In European Patent EP 1 089 949 B1, a chamber is described in which the substrate is arranged together with the infrared emitter between two reflectors. The reflectors are here made of thin sheet metal, preferably of aluminum. The cooling of the reflector is achieved in that this is blackened on the rear side, so that a heat transport can take place via radiation from the reflector to the cooled wall. An additional control of the temperature of the substrate is performed by the addition of a heat-conductive gas, so that in addition to the heat transport by radiation, a heat transport via heat conduction and free convection, the heat from the substrate reflector and emitter can be dissipated to the cooled chamber wall.

The devices named above all have the disadvantage that they have a large thermal inertia and are thus not implicitly suitable for the quick heating and holding of a sample at a defined temperature.

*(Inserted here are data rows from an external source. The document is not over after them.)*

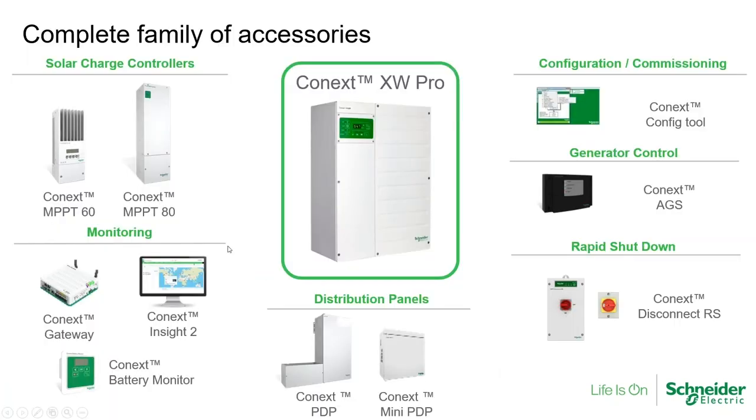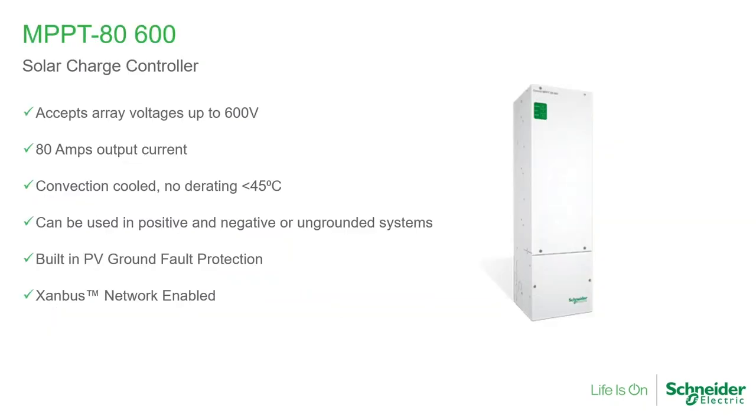Quick overview of our product portfolio. Today I will be talking about one of our solar charge controllers, which is the MPBT-80, but we also have our MPBT-6150, which is the other charge controller. Our main inverter today is the Connext XW Pro. We also have our SW models, which are our smaller inverter. Some of the accessories include power distribution panels and the mini power distribution panel. I will cover our rapid shutdown solution later in this presentation because it is relevant to the MPBT-80.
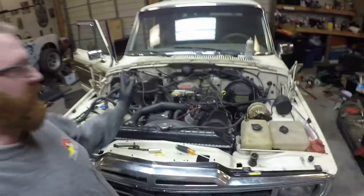Hey guys, it's Mike and Steven. Nurse Left of Customs tonight. We're working on the Grand Wagoneer — finally back on this project.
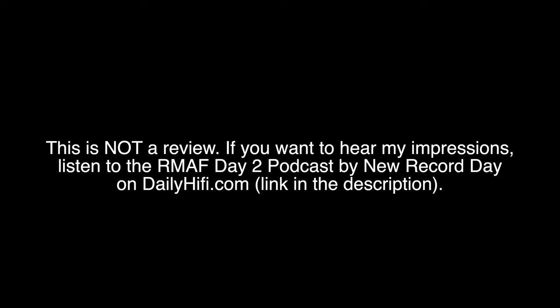Hello and welcome to Rocky Mountain Audio Festival 2019. This is ELAC Americas and I am Andrew Jones. I'm going to be telling you what we're doing here, what we're introducing, and what we're showing that we've shown before but you might have missed.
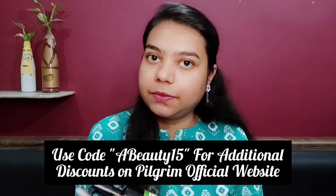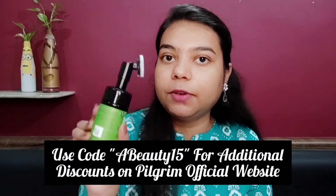This face wash is highly recommended for acne-prone skin. The complete ingredients list is available on the outer box, which is a great thing. Even if you discard the outer box, all information including date of expiry, date of manufacturing, and the ingredients list is also on the bottle itself. The price is 350 rupees and the quantity is 120 ml.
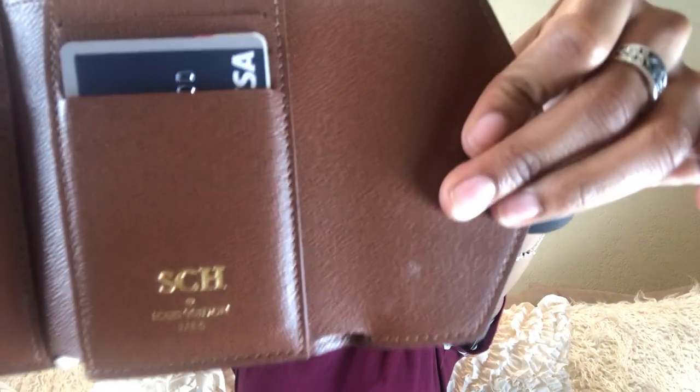My next item is my Victorine wallet - same monogram canvas. The interior is cognac. It is also hot stamped with my initials SCH. I opted not to get the dots because our SA said the dots are more challenging to do, and I just thought it looked nicer without the dots breaking up the initials - just running SCH all together.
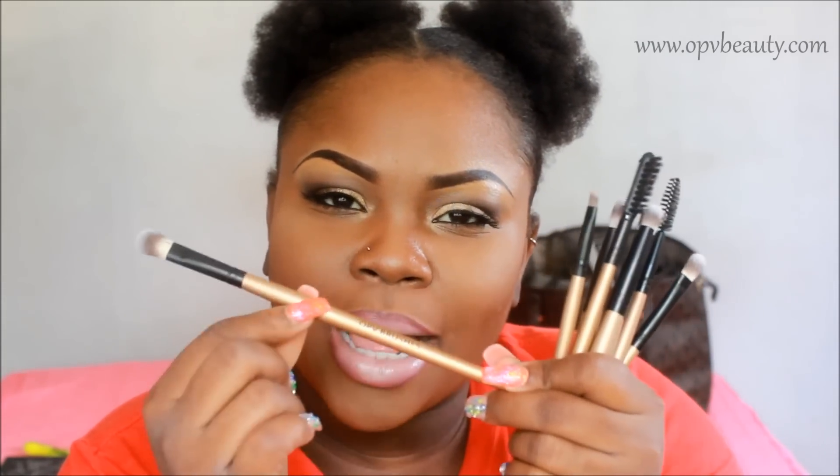These are the eye brushes from OPV brushes. They don't have any names on them — just the brand. Gold handle, black ferrule, synthetic bristles, and they have the brand OPV brushes on each brush. This one I use for my lid — sometimes I turn it a certain way and go into my crease from the brow bone, and I take it into my inner corner area.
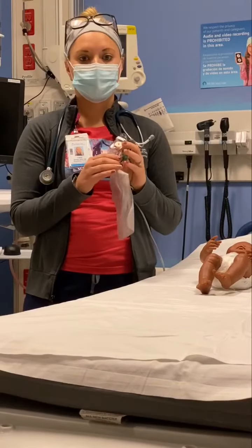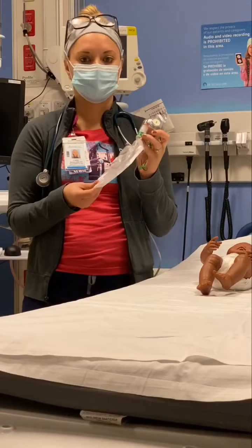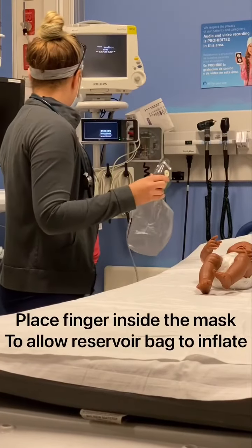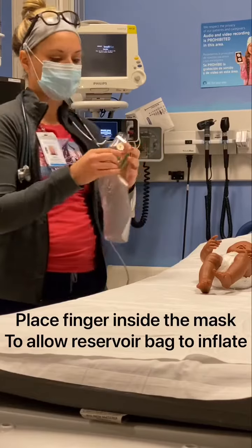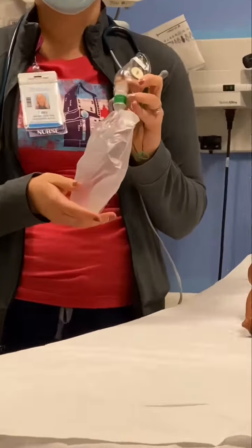Oxygen flow into the mask may be adjusted to prevent collapse of the reservoir. So you just want to turn it on and place your finger inside the mask to inflate the reservoir.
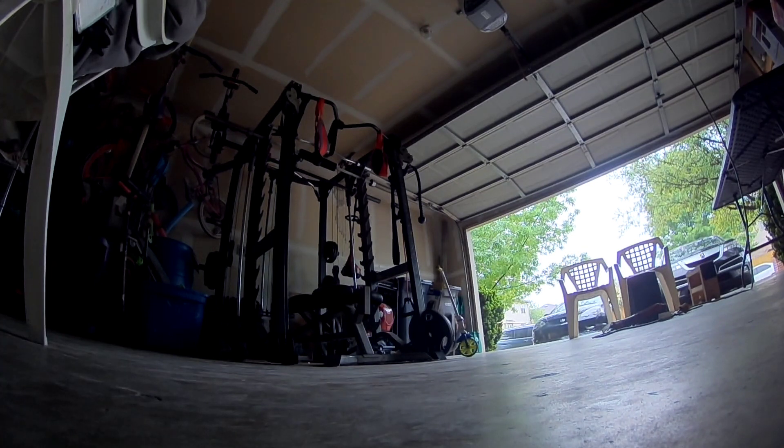Here we go. I set it up so the props don't spin when you arm, so the minute I come down on the throttle it goes dead.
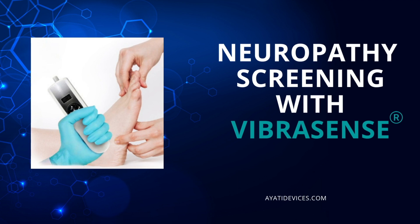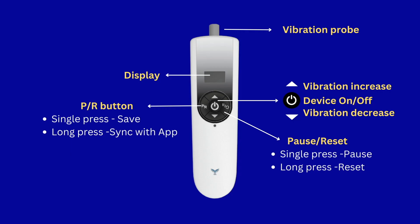Welcome to this explainer video on neuropathy screening using VíbraSense. Throughout this video we'll walk you through each step of the process. The VíbraSense device comprises the following parts: a vibration probe responsible for generating vibrations of different intensities, and a display showcasing the current testing position and the intensity of the vibration stimulus.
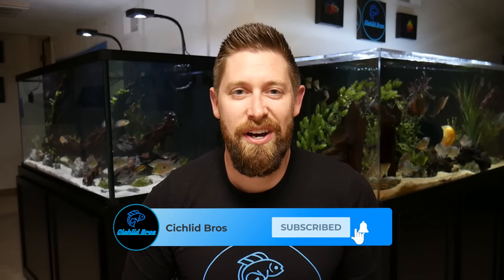Hey guys, welcome back to another video. This is Troy, and in today's video I'm going to be walking through a top 10 list of tankmates for the Electric Blue Acara. This is one of my favorite all-time cichlids, and I can't wait to talk through this one, so let's dive right in.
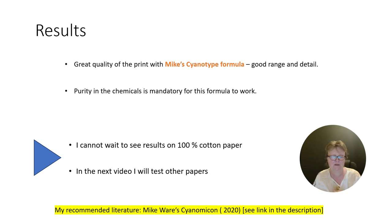I will also test other papers. Thanks a lot for watching, and see you in the next video. Bye-bye.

BRIEF SUMMARY OF THE INVENTION

The object of the invention is therefore to provide an apparatus that avoids the disadvantages mentioned above and allows a quick heating as well as a subsequently long holding of the substrate at a defined temperature.

The apparatus according to the invention having a chamber for the irradiation of at least one substrate comprises at least one transfer channel for inserting and removing the substrate, a substrate holder inside the chamber, a vacuum pump, and at least one irradiation unit for irradiating the substrate, wherein the irradiation unit has at least one infrared emitter with an integrated reflector.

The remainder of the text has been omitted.